Work to complete
Print the listing exactly as it stands. Skip every picture.

Recorded information
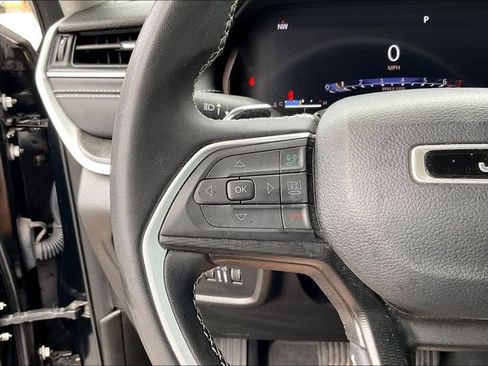 Used 2024 Jeep Grand Cherokee Laredo AWD/4WD image 11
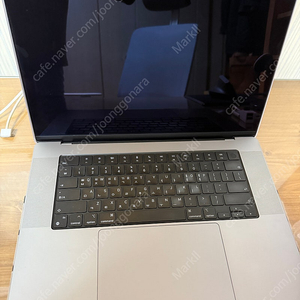 맥북프로 M1 16인치 32GB/512GB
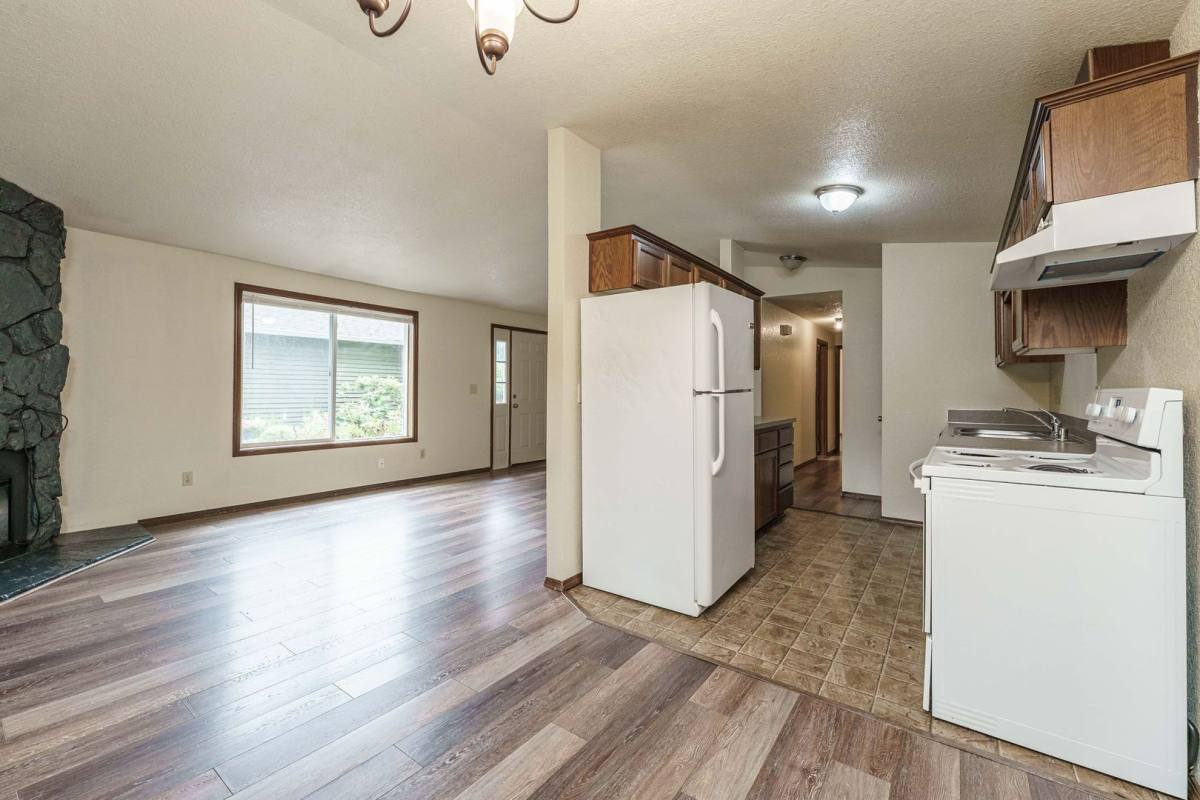 House for rent at 4918 Plomondon St, Vancouver, WA 98661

Task response
 Used 2024 Jeep Grand Cherokee Laredo AWD/4WD image 11
 맥북프로 M1 16인치 32GB/512GB
 House for rent at 4918 Plomondon St, Vancouver, WA 98661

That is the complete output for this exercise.